#### Extracted entries

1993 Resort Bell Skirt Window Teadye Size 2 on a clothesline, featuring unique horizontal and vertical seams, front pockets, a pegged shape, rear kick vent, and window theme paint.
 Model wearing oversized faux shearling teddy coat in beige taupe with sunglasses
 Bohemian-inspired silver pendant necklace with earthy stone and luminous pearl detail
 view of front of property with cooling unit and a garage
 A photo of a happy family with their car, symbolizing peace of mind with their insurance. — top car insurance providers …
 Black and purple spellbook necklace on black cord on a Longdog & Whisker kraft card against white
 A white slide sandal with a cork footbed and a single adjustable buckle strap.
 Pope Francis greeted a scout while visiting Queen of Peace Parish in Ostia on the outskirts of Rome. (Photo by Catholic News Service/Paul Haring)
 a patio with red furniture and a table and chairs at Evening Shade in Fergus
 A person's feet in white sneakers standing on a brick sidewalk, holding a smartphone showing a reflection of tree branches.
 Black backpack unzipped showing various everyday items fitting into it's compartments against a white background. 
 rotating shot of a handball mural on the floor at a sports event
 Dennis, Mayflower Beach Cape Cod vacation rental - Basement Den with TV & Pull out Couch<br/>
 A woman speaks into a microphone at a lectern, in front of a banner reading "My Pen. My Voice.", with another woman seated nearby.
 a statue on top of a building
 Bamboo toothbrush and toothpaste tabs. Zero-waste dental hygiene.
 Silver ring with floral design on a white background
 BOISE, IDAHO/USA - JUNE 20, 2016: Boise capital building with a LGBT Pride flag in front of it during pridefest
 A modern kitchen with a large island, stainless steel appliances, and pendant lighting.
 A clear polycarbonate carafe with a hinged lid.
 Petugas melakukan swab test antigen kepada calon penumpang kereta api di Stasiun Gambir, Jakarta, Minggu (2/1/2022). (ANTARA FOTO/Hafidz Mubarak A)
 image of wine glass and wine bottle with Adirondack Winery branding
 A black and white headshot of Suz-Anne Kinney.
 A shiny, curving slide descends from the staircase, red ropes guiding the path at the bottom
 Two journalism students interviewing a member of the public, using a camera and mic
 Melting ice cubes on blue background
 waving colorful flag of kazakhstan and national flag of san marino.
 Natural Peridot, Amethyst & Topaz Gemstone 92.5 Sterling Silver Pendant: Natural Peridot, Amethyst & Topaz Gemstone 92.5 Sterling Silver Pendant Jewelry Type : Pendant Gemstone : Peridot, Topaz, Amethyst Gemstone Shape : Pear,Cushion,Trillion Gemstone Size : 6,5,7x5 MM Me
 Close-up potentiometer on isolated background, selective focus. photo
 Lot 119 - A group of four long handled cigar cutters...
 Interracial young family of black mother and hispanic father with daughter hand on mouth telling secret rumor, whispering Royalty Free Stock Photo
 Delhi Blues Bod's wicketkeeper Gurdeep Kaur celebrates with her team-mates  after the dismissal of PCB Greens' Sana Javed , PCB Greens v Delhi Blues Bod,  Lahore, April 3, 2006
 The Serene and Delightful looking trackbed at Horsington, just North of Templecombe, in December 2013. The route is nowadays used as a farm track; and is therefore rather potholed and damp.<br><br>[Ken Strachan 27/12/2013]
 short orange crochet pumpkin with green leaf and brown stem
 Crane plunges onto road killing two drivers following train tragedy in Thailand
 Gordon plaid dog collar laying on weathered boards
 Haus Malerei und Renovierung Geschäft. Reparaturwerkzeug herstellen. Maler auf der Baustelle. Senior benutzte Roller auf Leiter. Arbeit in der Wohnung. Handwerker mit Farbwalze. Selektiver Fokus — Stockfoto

#### Brief
In the entries above, the lines from the one bearing "A shiny, curving" up to and including the one bearing "waving colorful flag" should be transcribed exactly; no other line is wanted.

#### Exercise response
 A shiny, curving slide descends from the staircase, red ropes guiding the path at the bottom
 Two journalism students interviewing a member of the public, using a camera and mic
 Melting ice cubes on blue background
 waving colorful flag of kazakhstan and national flag of san marino.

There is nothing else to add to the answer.